Однажды он заметил, не поднимая головы:
– В глубине страны вы, несомненно, встретите мистера Куртца.
На мой вопрос, кто такой мистер Куртц, он ответил, что это один из первоклассных агентов, а заметив мой разочарованный вид, медленно произнес, кладя ручку на стол:
– Это замечательная личность.
Я стал задавать вопросы и выяснил, что мистер Куртц заведует одной из очень важных торговых станций в самом сердце страны слоновой кости.

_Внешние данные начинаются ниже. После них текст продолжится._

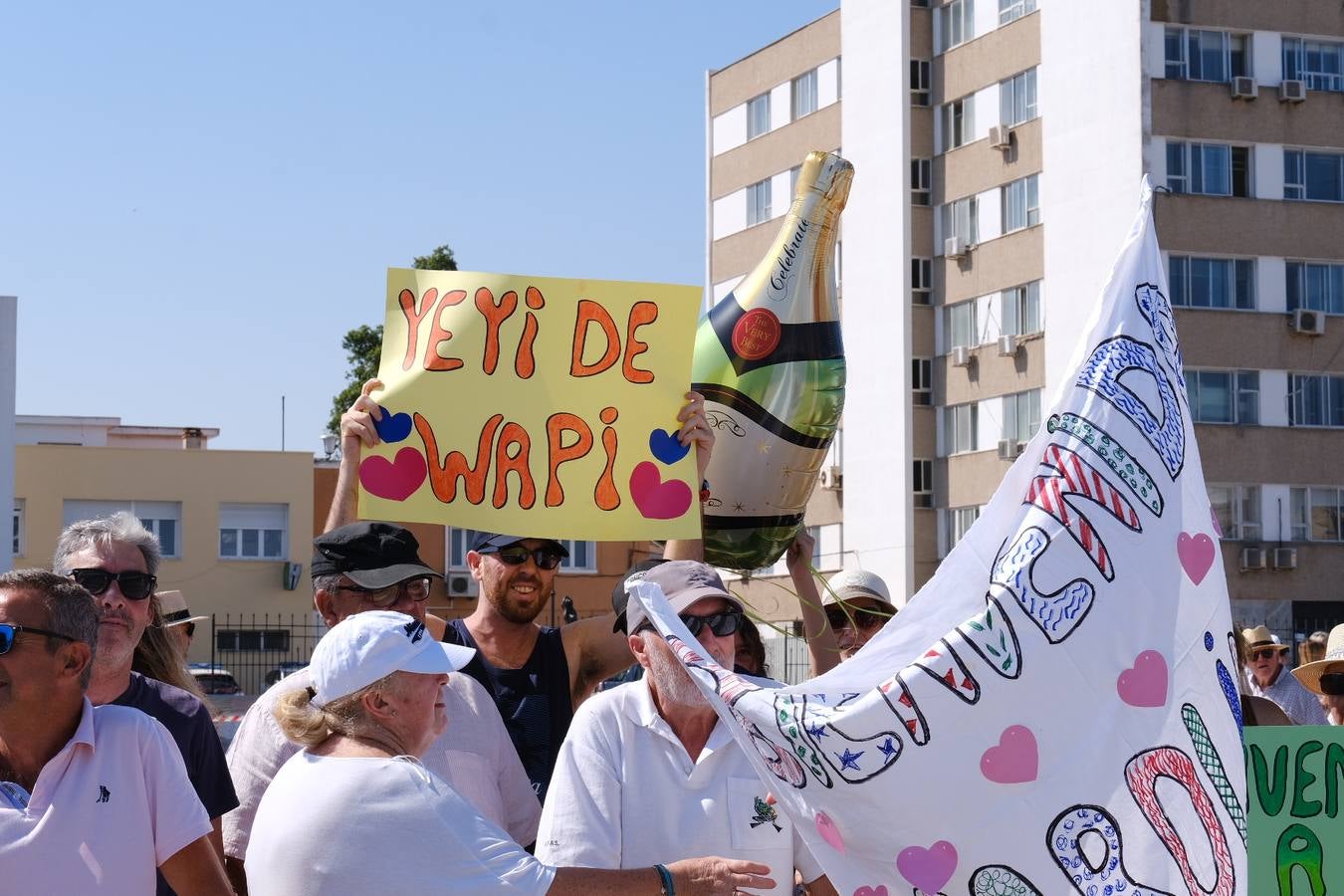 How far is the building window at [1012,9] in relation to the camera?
38781 millimetres

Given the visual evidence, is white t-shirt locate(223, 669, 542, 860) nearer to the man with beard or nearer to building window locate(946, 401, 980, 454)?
the man with beard

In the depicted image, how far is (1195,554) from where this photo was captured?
14.6ft

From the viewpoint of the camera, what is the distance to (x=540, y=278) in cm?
592

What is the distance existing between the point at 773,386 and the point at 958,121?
35754 millimetres

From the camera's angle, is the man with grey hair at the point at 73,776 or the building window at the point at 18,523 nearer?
the man with grey hair at the point at 73,776

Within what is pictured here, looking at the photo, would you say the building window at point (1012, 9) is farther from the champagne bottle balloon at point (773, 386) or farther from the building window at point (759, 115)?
the champagne bottle balloon at point (773, 386)

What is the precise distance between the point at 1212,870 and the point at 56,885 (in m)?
2.54

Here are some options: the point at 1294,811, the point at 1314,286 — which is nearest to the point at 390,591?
the point at 1294,811

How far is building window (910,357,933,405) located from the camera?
4169cm

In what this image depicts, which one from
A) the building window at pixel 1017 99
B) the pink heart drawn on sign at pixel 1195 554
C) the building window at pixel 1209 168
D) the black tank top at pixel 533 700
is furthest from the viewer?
the building window at pixel 1017 99

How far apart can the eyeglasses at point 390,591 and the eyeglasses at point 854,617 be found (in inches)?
71.5

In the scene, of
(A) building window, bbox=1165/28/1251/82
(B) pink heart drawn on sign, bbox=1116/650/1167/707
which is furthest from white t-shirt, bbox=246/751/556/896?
(A) building window, bbox=1165/28/1251/82

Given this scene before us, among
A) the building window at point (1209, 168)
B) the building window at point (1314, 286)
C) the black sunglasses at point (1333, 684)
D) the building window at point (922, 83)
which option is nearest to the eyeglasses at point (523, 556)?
the black sunglasses at point (1333, 684)

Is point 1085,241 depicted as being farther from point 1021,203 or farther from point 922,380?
point 922,380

– Он присылает сюда слоновой кости больше, чем все остальные станции, вместе взятые.
Бухгалтер снова взялся за перо. Больной чувствовал себя так скверно, что даже не стонал. Мирно жужжали мухи.
Вдруг послышался все нарастающий гул голосов и топот. Только что пришел караван. За дощатой стеной громко тараторили хриплые голоса. Все носильщики говорили одновременно, а из этого гула вырывался жалобный голос главного агента, который – в двадцатый раз за этот день – плаксиво повторял, что он умывает руки… Бухгалтер медленно встал.
– Какой шум! – сказал он. Тихонько прошел он по комнате, чтобы взглянуть на больного, и, возвращаясь на свое место, сообщил мне: – Он не слышит.
– Как! Умер? – спросил я, вздрогнув.
– Нет еще, – ответил он с величайшим спокойствием и мотнул головой, давая понять, что шум во дворе ему мешает. – Когда приходится вести бухгалтерские книги, доходишь до того, что начинаешь ненавидеть этих дикарей – смертельно ненавидеть.
На секунду он задумался, потом продолжал:
– Когда увидите мистера Куртца, передайте ему от меня, что здесь, – тут он бросил взгляд на свою конторку, – все идет прекрасно. Я не хочу ему писать: давая письмо нашим курьерам, вы никогда не знаете, в чьи руки оно попадет… на этой Центральной станции. – Он посмотрел на меня своими кроткими выпуклыми глазами и снова заговорил: – О, он далеко пойдет. Он скоро будет шишкой среди администраторов. Эти господа – я имею в виду правление в Европе – намерены его продвинуть.
Он вернулся к своей работе. Шум снаружи затих. Собираясь уйти, я приостановился в дверях. В комнате, где слышалось неумолчное жужжание мух, агент, которого собирались отправить на родину, лежал в жару и без сознания; бухгалтер, склонившись над столом, вносил в свои точные отчеты точные записи, а на расстоянии пятидесяти футов от двери виднелись неподвижные деревья рощи смерти.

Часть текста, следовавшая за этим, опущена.